After dropping the pictures, give again exactly the lines of the data from its first line through the line with "CXRCY bright yellow", which is included as well.

◆ ◆ ◆ ◆ ◆ ◆ ◆

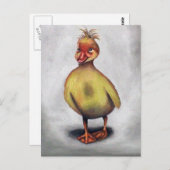 Carte Postale Le vilain canard (Devant / Derrière)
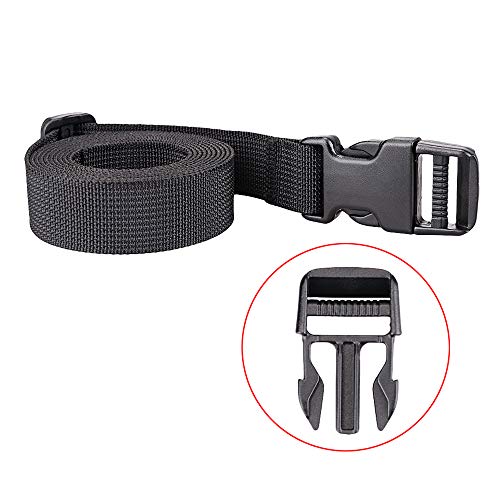 MAGARROW 78" x 1" Strap Buckle Packing Straps Adjustable 1-Inch Belt - color: Black 6.5 feet Long (10-PCS)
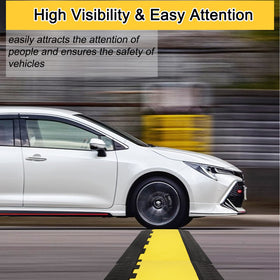 CXRCY bright yellow and black ramps improve visibility and safety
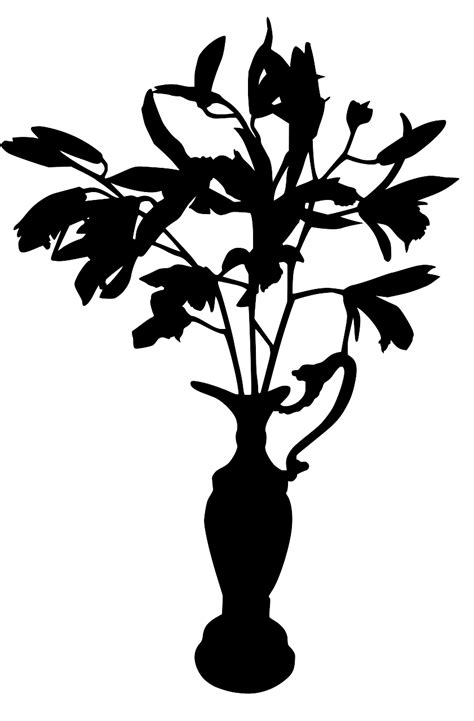SVG > spring flowers vase - Free SVG Image & Icon. | SVG Silh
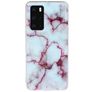 Mobigear Marble Coque Huawei P40 Coque arrière en TPU Souple - Violet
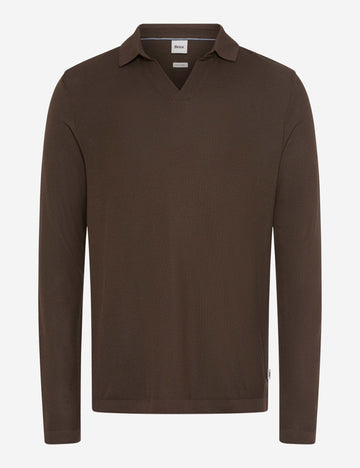BRAX Princeton Poloshirt aus Baumwoll-Modal-Mix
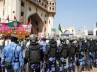 clashes in old city, clashes in old city, heavy bandobast at charminar, Bhagya lakshmi temple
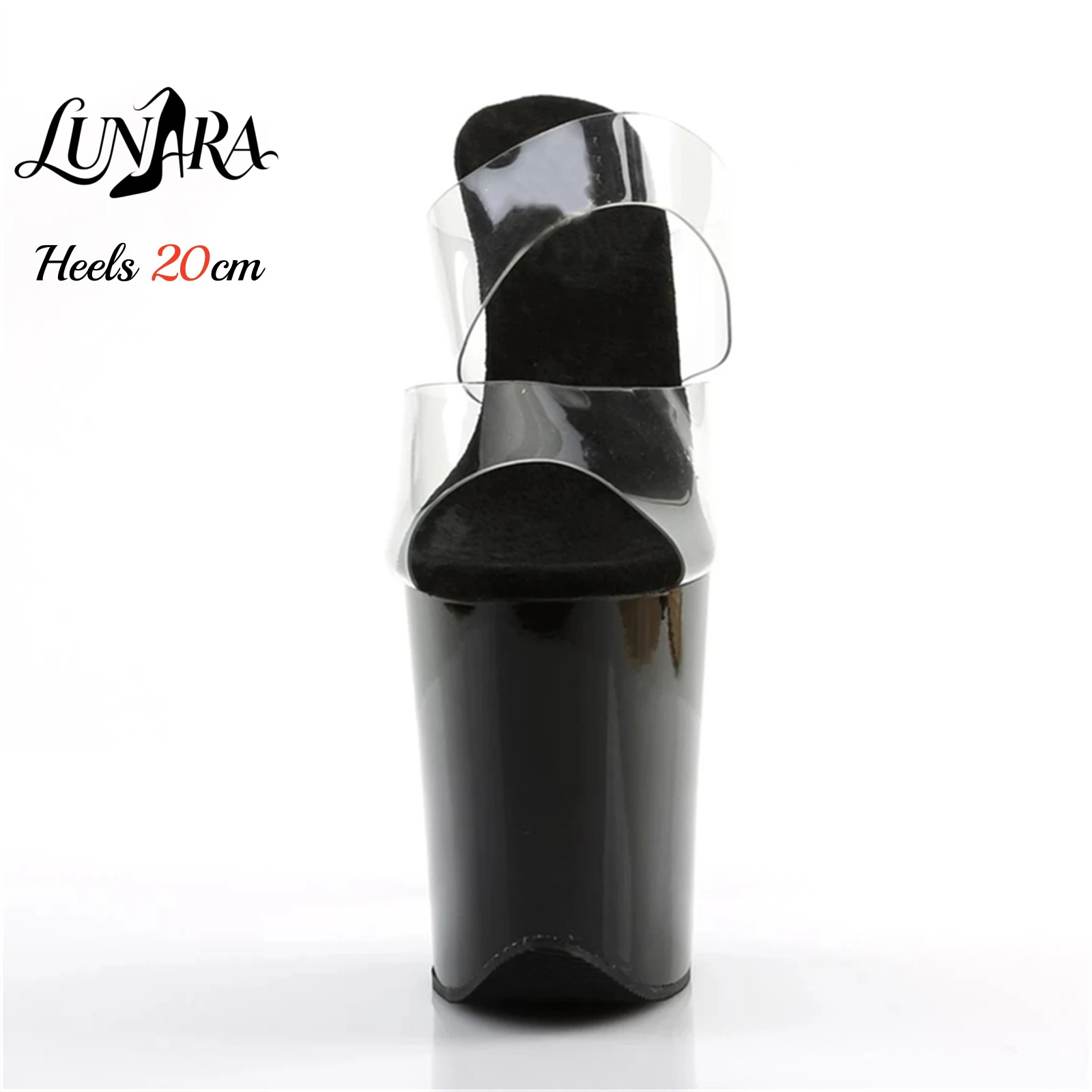 20cm Clear PVC Strappy Ultra H - Clear Strap Heel review and price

◆ ◆ ◆ ◆ ◆ ◆ ◆

PROBLEM SOLUTION:
 Carte Postale Le vilain canard (Devant / Derrière)
 MAGARROW 78" x 1" Strap Buckle Packing Straps Adjustable 1-Inch Belt - color: Black 6.5 feet Long (10-PCS)
 CXRCY bright yellow and black ramps improve visibility and safety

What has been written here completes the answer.